Air travel is extraordinarily safe. About 1,300 people died in commercial aviation accidents last year, the highest figure in a decade. Almost half of these were victims of the two incidents involving Malaysia Airlines. Tyler Brûlé has described the fear of flying that led him to abandon a flight to London after hearing about last week’s Germanwings Airbus crash in the French Alps. The chances of a man of Mr Brulé’s age, 46, dying in any two-hour interval is about one in 1m. There is an additional one in 5m chance of being killed during a two-hour flight. On the other hand, sitting in an aircraft protects you from many more common causes of death, such as a car crash or a fall down stairs.

Despite the continued growth in traffic, aviation deaths have been declining. Improvements in aircraft design have reached a stage at which it is almost inconceivable that a major incident will be the result of a mechanical failure. Modern Airbus and Boeing models “fly by wire”, which means that every action by a pilot is mediated by a computer and most of the time aircraft literally fly themselves. Chesley Sullenberger’s 2009 “miracle on the Hudson” landing was an exceptional feat of skilled aviation — but as his Airbus landed on the river it was the machine, not the pilot, that had selected the gliding speed and angle.
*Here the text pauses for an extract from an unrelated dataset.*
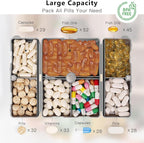 FYY Daily Pill Organizer,7 Compartments Portable Pill Case Travel Pill Organizer,[Folding Design] Pill Box for Purse Pocket to Hold Vitamins,Cod Liver Oil,Supplements and Medication-Grey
The dangerous moments onboard an aircraft are when the pilot is overriding the electronic systems. They may do so for good reason but with bad outcomes, as when the crew of Air France 447 from Rio to Paris misjudged their response to adverse weather conditions and lost the plane in the Atlantic; or with malevolent intent, as in the Germanwings incident. Passengers should worry, not that the crew are not in control but that they are.
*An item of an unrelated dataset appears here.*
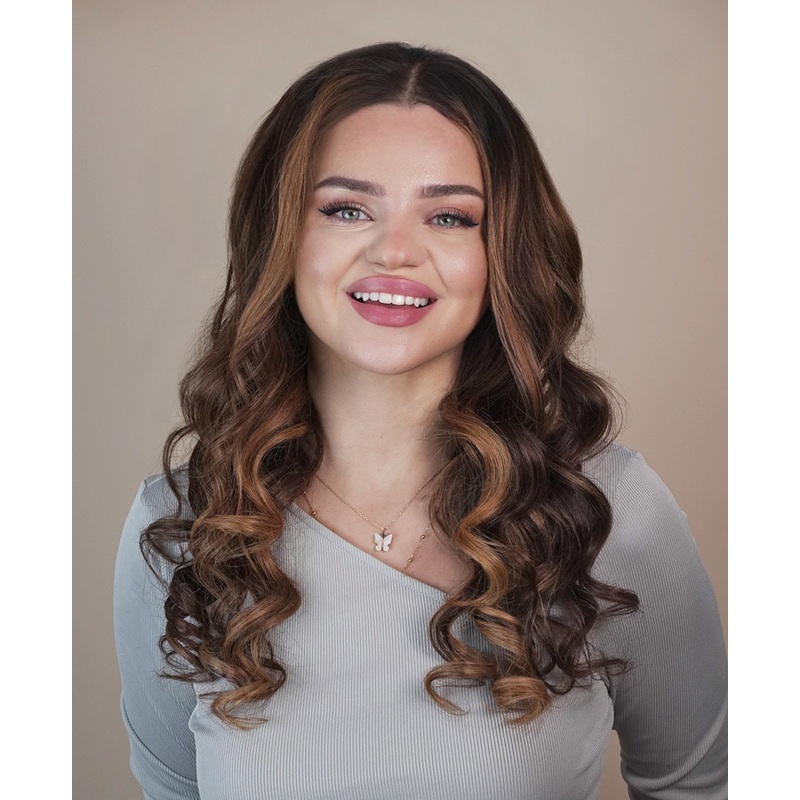 lace front human wig – 20″ light brown balayage.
But another reason modern air travel is reassuringly safe is that investigation into accidents is honest and thorough. Airlines and aircraft manufacturers do not like the public exposure of defects in their products; but they have tended to respond by addressing the defects rather than resisting the exposure. And generally accident investigators have been allowed to do a thorough job without political interference.
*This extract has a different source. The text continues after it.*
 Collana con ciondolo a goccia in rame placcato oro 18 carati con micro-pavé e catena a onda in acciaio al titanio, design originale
The most notable exception was the attempt by Egypt, under the dictatorship of Hosni Mubarak, to influence the findings of US investigators into the loss of EgyptAir 990 in 1999. The passenger jet disappeared into the north Atlantic under the control, like the Germanwings aircraft, of a pilot widely thought to have been suicidal . And the full truth of the downing of Malaysia Airlines MH17 over Ukraine is never likely to emerge. But when French President François Hollande, German Chancellor Angela Merkel and Spanish Prime Minister Mariano Rajoy travelled to the crash area last week, they went to show concern and establish what had happened rather than to deflect blame.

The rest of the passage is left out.